Uşaklıgil’in İzmir’deyken yazdığı Nemide, Bir Ölünün Defteri, Ferdi ve Şürekâsı gibi ilk yapıtları karşılıksız sevgiyi konu alan, acıklı ve duygusal kısa romanlardır. İstanbul’a geldikten sonra Servet-i Fünun dergisinde yayımladığı Mai ve Siyah (1895) ile acemilik dönemini geride bıraktığı görülür. Daha önceki yapıtlarında ön planda bulunan acıklı aşk serüveni, burada ikinci plana atılmıştır. Şairler, gazeteciler, yayınevi sahipleri ve yazarlar arasında geçen olayları ele aldığı bu romanda, hem o dönemin Bab-ı Ali dünyasını hem de bu dünyanın gerçekleri karşısında yaşama yenik düşen Ahmet Cemil’in hayalci kişiliğinde bütün bir Edebiyat-ı Cedide kuşağının bakış açısını yansıtmıştır.

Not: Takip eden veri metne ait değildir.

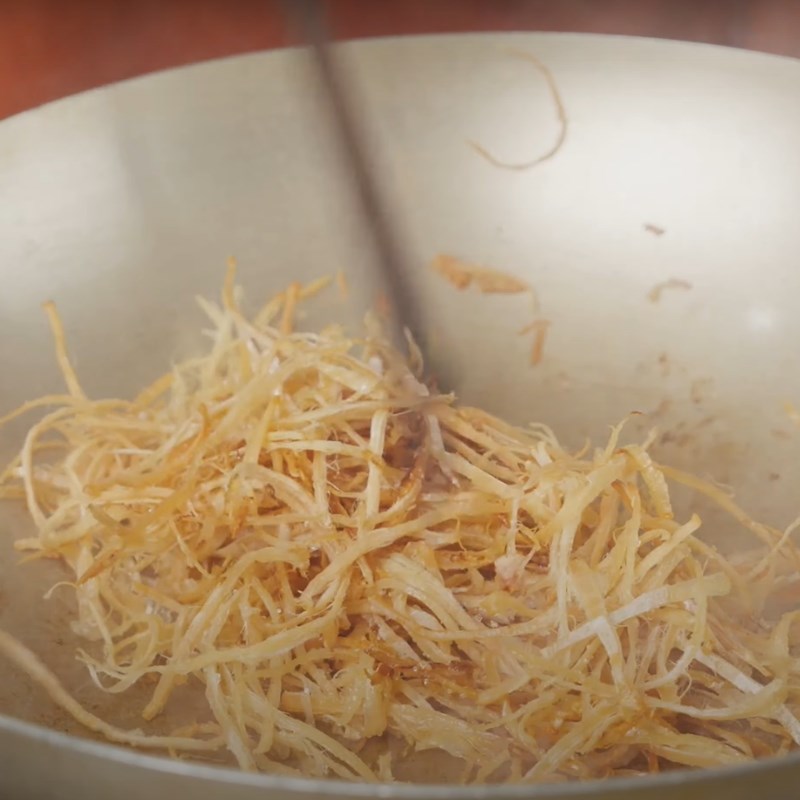 Bước 2 Sơ chế khô mực Su hào xào mực khô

1898-1900 arasında yazdığı Aşk-ı Memnu (1900) ise ilk büyük Türk romanı kabul edilir. Sağlam bir yapısı ve tekniği olan yapıtta; zengin bir adamla evlenen genç ve güzel bir kadının yaşlıca kocasına sadık kalmak kararına karşın, elinde olmayarak yasak bir aşka sürüklenişi, olayın psikolojik nedenleri üstünde de durularak, gerçekçi bir biçimde anlatılmıştır. Roman, 1975 yılında yönetmen Halit Refiğ tarafından sinemaya uyarlanarak TRT’nin ilk yerli dizisi olarak çekildi ve büyük bir ilgiyle karşılandı. 2000’li yıllarda tekrar televizyona uyarlanan dizi, yine büyük ilgi gördü ve iki yıl boyunca ekranlarda yer aldı.
Uşaklıgil pek çok öykü de yazmış ve Batı tarzı öykü anlayışının Türkiye’de yayılmasında rol oynamıştır. Öykülerinin konusunu ve kahramanlarını daha çok halkın yoksul kesiminden almış, bu insanların acılarını dile getirmeye çalışmıştır. Romanlarında, Uşaklıgil’in ilgi alanı dardır. Kahramanlarını ve onların sorunlarını işlerken sınırlı bir yaşantı çerçevesinin dışına çıkmaz. Duyarlı genç kadın ve erkeklerin aşkta uğradıkları hayal kırıklığı, başlıca teması olmuştur. Ancak aşk konusundaki görüşünün romantiklikten gerçekçiliğe doğru bir değişim geçirdiği gözlemlenir. İlk romanlarında daha platonik ve romantik olan aşk ilişkileri son iki romanında yasak aşkla noktalanan cinsel bir tutkuya dönüşür.
Uşaklıgil, Türk romanının öncüsü sayılmıştır. Çünkü ondan önce, romanı bir sanat yapıtı kabul ederek onun kadar ciddiye alan, bir sanatçı titizliğiyle romanın yapısına ve tekniğine bu denli önem veren başka bir Türk yazar bulmak zordur.
23 Mayıs 1945’te İstabul’da vefat eden Halit Ziya Uşaklıgil’in mezarı Bakırköy’dedir.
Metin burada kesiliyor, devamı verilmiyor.